The positive side of the “learn to program” movement is that there are numerous ways to contribute without being a master. More than ever it is possible to go very far with very little. Silicon valley startups no longer sweat hardware: they just rent space with Amazon. This is healthy: it means that the culture as a whole is able to learn and grow, to stand on the shoulders of the previous generation rather than their faces.

I’m sure you saw this coming: yes, Virginia there is a dark side. The thing is, the obnoxious attitude grows out of a hard reality. Expert programming requires knowledge. Mental nimbleness and a problem-solving bent count for a lot, but true mastery of any craft, including programming, is only available to those willing and able to devote years of study, trial, error and correction. And there are still problems to solve that demand mastery, where beginners should be cautioned to read lightly.

So let’s stop saying that search can be easy. We do learners a real disservice by pretending that things are going to be easier than they are. There are complex problems in search, getting them wrong can kill performance (*i.e.* your web site), and our role as guides should be to offer paths to learning that have the right degree of steepness, and to offer warnings about potential pitfalls. If we take you on a mountain-climbing journey, and just tell you everything will be taken care of and there’s nothing to worry about, we’re leading you into a potentially dangerous situation without any preparation: in that setting, this kind of attitude would be criminal. Tell people to bring their helmets, and teach them how to self-arrest! Wat? Metaphor getting out of hand …
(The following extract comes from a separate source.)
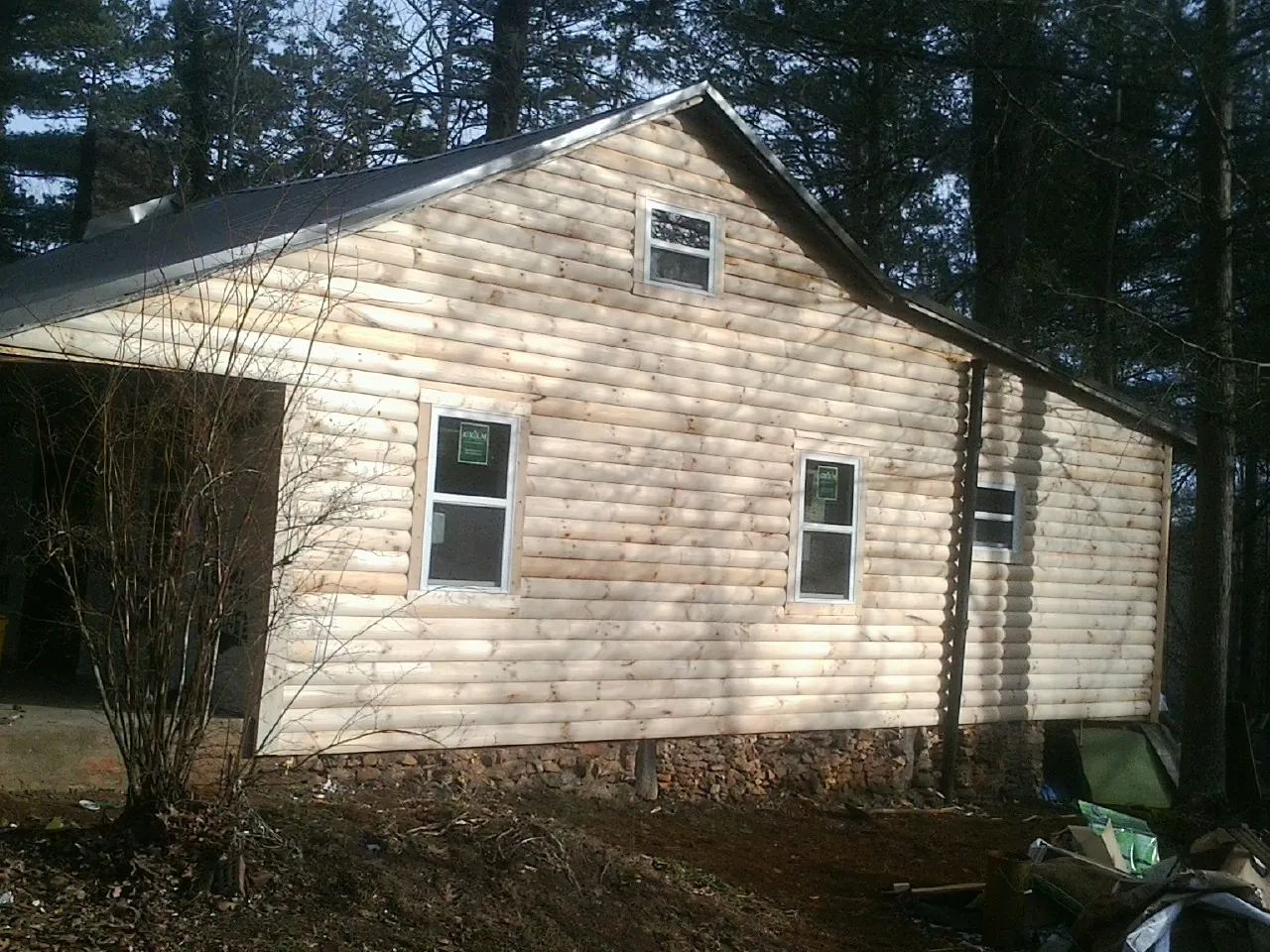 New log siding and dark metal roofing on a gable end in Joseph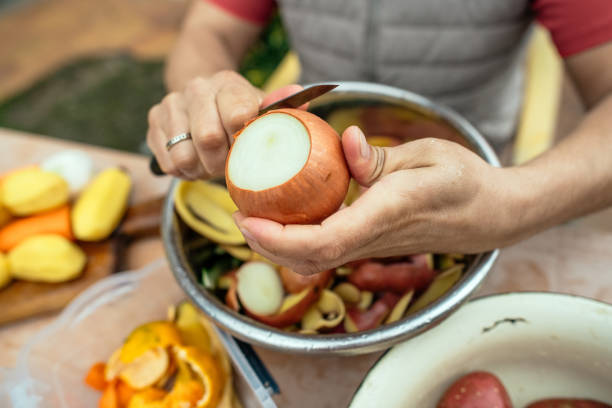 close up of a man peeling vegetables and making compost from leftovers at an open kitchen outdoors at back yard. sustainable lifestyle and zero waste cooking concept. - carrot close up copy space counter top ストックフォトと画像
At the same time, we don’t want to scare people away. There’s no call to be going all high-priest-in-the-inner-sanctum with acolytes getting in only after years of fasting and prayer. Here’s where I think we can take a cue from video games. I read (this post)[http://robotinvader.com/blog/?p=402] about luring gamers into playing the video game Devil May Cry. It talks about a game that is notoriously difficult, but also offers an easy way out. The interesting thing is that it challenges the player to try the hard way first, and warns them that there will be no way back if the easy path is chosen. Nethack, an insanely arcane video game, does a similar thing with its wizard mode: players can use it to try out all kinds of stuff, without dying, but it comes with a caveat: this is not for real, and your scores won’t be reported.